Dans cette logique est crée en 1879 une police politique, la « haute police » dont le nom, inspiré du système français, montre la primauté de la défense de l’État sur la lutte contre la délinquance. Cela va durablement marquer l’institution policière qui s’occupera prioritairement de protéger l’État ou le régime politique plutôt que de lutter contre la délinquance. En 1910, l’affaire dîtes de « haute trahison » (daigyakujiken) marque un renforcement de l’ordre sécuritaire   . Un an plus tard, le ministère de l’intérieur met en place une « Haute police spéciale » (tokubetsu kôtôkeisatsu, qu’on appelle aussi la tokkô). Son rôle est de surveiller et réprimer les organisations communistes et anarchistes ainsi que les syndicats.

Une police politique, au service du patronat et de l’hygiénisme

Bien qu’au service de l’État, il arrive à la police de vendre ses services au patronat. Une circulaire de 1881 du ministère de l’intérieur instaura le système du seigan junsa qui permet aux patrons de faire intervenir une patrouille de police en cas de grève à condition d’en payer le prix. Uranaka Chikao en conclut avec circonspection que « dans cette activité, la police prenait le parti des patrons. »  

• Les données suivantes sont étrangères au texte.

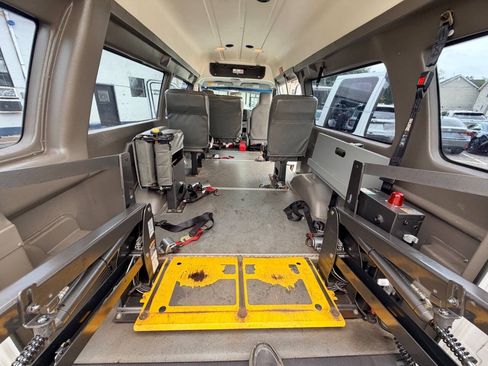 Used 2014 Ford E-350 and Econoline 350 Extended Super Duty w/ Power Group RWD image 48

Enfin, de même qu’en Europe au XIXème siècle, la fonction de police est associée à une idéologie hygiéniste assortie ici d’une occidentalisation de la population à marche forcée. L’arrêté sur les mœurs de 1872 interdit par exemple le port du chignon pour les hommes, l’usage du gomina, la mixité dans les bains publics, le tatouage ou encore le fait d’uriner sur la voie publique, de s’y promener nu ou d’y jeter des déchets. La police japonaise ira même jusqu’à entrer dans les maisons pour en vérifier la propreté  

En ce début de XXème siècle, une forte hostilité de la population contre la police s’exprime sporadiquement. Au cours de l’émeute de Hibiya en 1905, déclenchée par une charge de la police au sabre, les manifestants attaquent les commissariats et détruisent, selon l’auteur, « 80% des kôban   de Tôkyô »   . Cet épisode est révélateur également de l’incapacité de la police à « gérer » les manifestations et les émeutes car le gouvernement, décrétant l’état de siège, a recours à l’armée   . Cette hostilité trouve son origine dans des pratiques, encouragées par la hiérarchie consistant à adapter son comportement et son langage en fonction de l’appartenance sociale de son interlocuteur. Ainsi, une circulaire de 1895, permettait aux policiers d’utiliser des « formules familières » pour s’adresser aux classes populaires, tandis qu’ « un comportement plus poli et courtois [était] recommandé vis-à-vis des autres. »   A la suite de cette émeute, la police tenta vainement d’organiser une campagne dont le slogan était « la police du peuple » (kokumin keisatsu). Tentative vaine, car à partir de la fin de l’ère Taishô (1912-1926), le pays s’enfonce peu à peu dans un régime militariste où l’altérité entre la population et sa police ne fait que s’accroître. A la fin des années 30, outre l’instauration d’un contrôle social institutionnalisé avec les tonarigumi et la création d’une redoutable police militaire, la kempeitai, la police du peuple est renommée officiellement « la police de l’Empereur ».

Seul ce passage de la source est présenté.